Bad Schuco Design and Assembly

I eagerly anticipated delivery of the latest Schuco model, the 1973 Bitter CD. I have three other Schuco models in my collection, two of which are resin like the Bitter CD, and they are beautiful and the packaging, more specifically the unpackaging, was trouble free. This was not the case with this model. After opening 200 models I know how to be careful when unpacking and removing models from their boxes, cases, and styrofoam containers. I know to lift the top of the box straight up and slowly from the bottom so as to not inadvertently snag or damage any trim pieces. Looking closely at the image it's apparent the side view mirror had been broken off at packing time. Hopefully it was still somewhere in the box.

What was also instantly apparent was the loose screw that was free to fly around the inside of the package causing whatever damage during the three plus weeks it took the package to arrive.

Next was to remove the model from the styrofoam box. As usual the model is screwed into the box with additional hardware to make it secure. In this case a piece of pressed wood served as a rigid base on the underside of the styrofoam box. The usual procedure is to carefully hold the model on one side while slowly unscrewing the hold down screws. Well, this time the back screw only turned a few turns before additional turns did nothing. The front screw barely came out at all then simply turned and turned. The screws were not loosely free to turn but did require force on the screwdriver. But the model could not separate from the styrofoam box still being attached with the hold down screws.
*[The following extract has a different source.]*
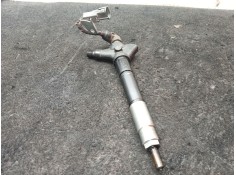 Recambio de inyector para toyota rav 4 iii (_a3_) 2.2 d 4wd (ala30_) referencia OEM IAM 2367026020 DENSO 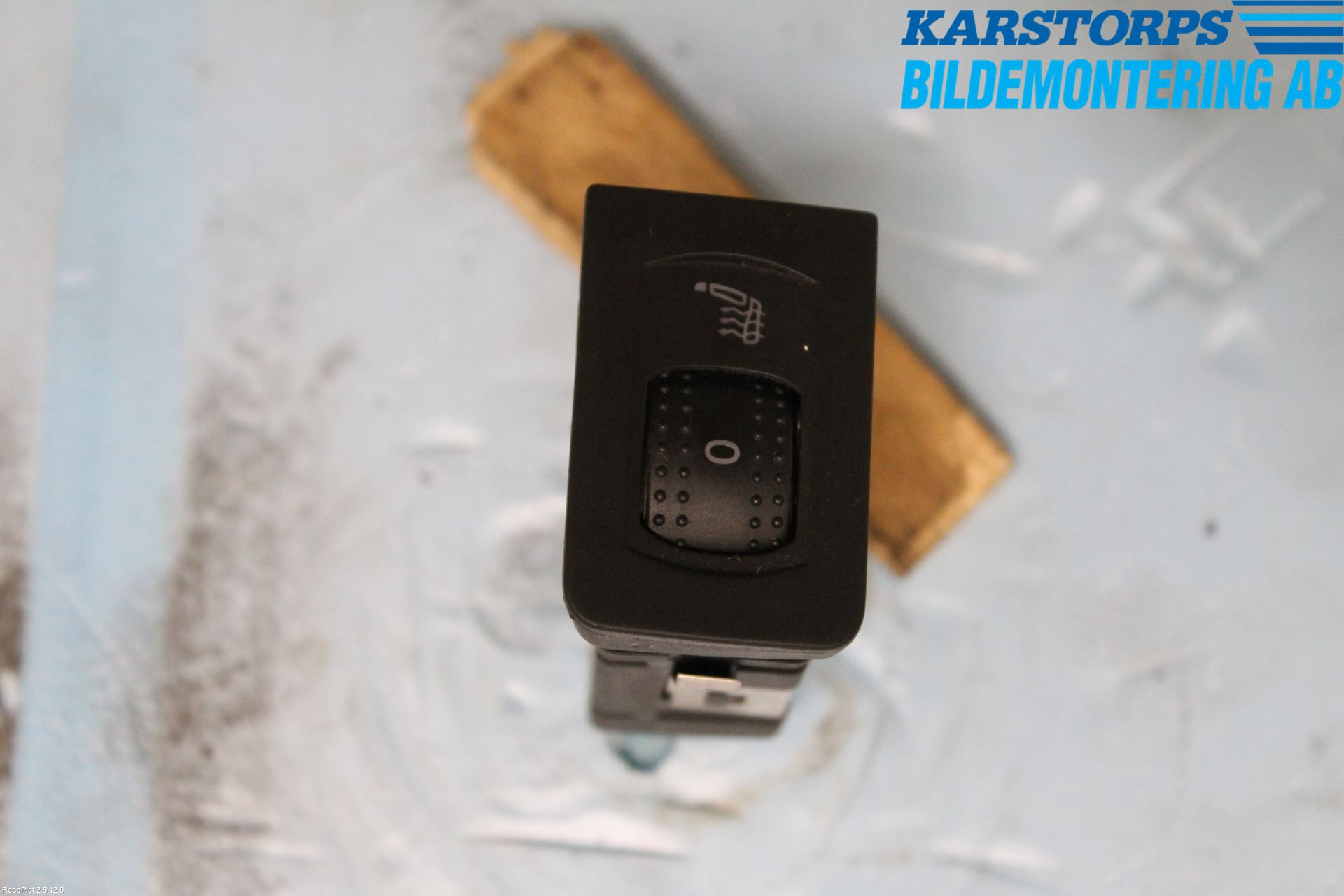 Volkswagen VW GOLF IV 98-06 Bryter Varmesete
What I had to do on the rear screw was to use a hacksaw blade and pliers to break the screw head off so that the screw shaft could be moved through the hole in the pressed wood. For the front screw I had to use a pair of needle nose pliers and an X-acto knife to remove sufficient material around the screw head so that the front of the model could similarly be lifted free from the pressed wood base and styrofoam box. All this while being careful to not damage the model.

What I then found was that the hold down screws were long, passed through a spacer, and disappeared into the base of the model. I had to then remove the remaining three screws (remember one was already loose in the box) to separate the base of the model from the body. I then saw that the hold down screws were screwed into a recipient plastic bulb which was fitted and supposedly glued into the base in a round receptacle on the hody. Unfortunately the screwdriver torque required to remove the two hold screws from the plastic bulb was greater than the strength of the glue used to secure the bulb in its receptacle and the screws simply turned the entire bulb, spacer, and screw assembly in place. The bulbs easily came out of their respective round receptacles the glue having failed.

It was then that I saw the base of the model was actually broken in two pieces with an additional chunk broken off. It was then easy to hold the bulb with pliers and turn the screw so that it then separated from the bulb thus permitting removal of the bulb, spacer, and screw assembly from the broken base pieces.

Fortunately the manner in which the base was broken means that the two pieces and the chunk can be easily glued back together with little evidence they had been broken. Also fortunate was the broken side view mirror was still in the box having fallen underneath the model.

I will also try to glue the broken side view mirror back on its stem and hope the results are acceptable. I attribute the broken side view mirror to sloppy work in assembling the top and bottom halves of the styrofoam box at packaging time. The top was likely misaligned with the bottom and lowered abruptly causing the damage before being relifted and relowered without regard or concern for whatever damage had been caused.

Very disappointed with Schuco on the extremely poor design of the packing and securing method as well as the careless mating of the two styrofoam box halves. Not to mention the breaking of the base piece and securing only three of the four screws used to assemble the model. Apparently there was no quality control at all on the assembly and packaging work performed.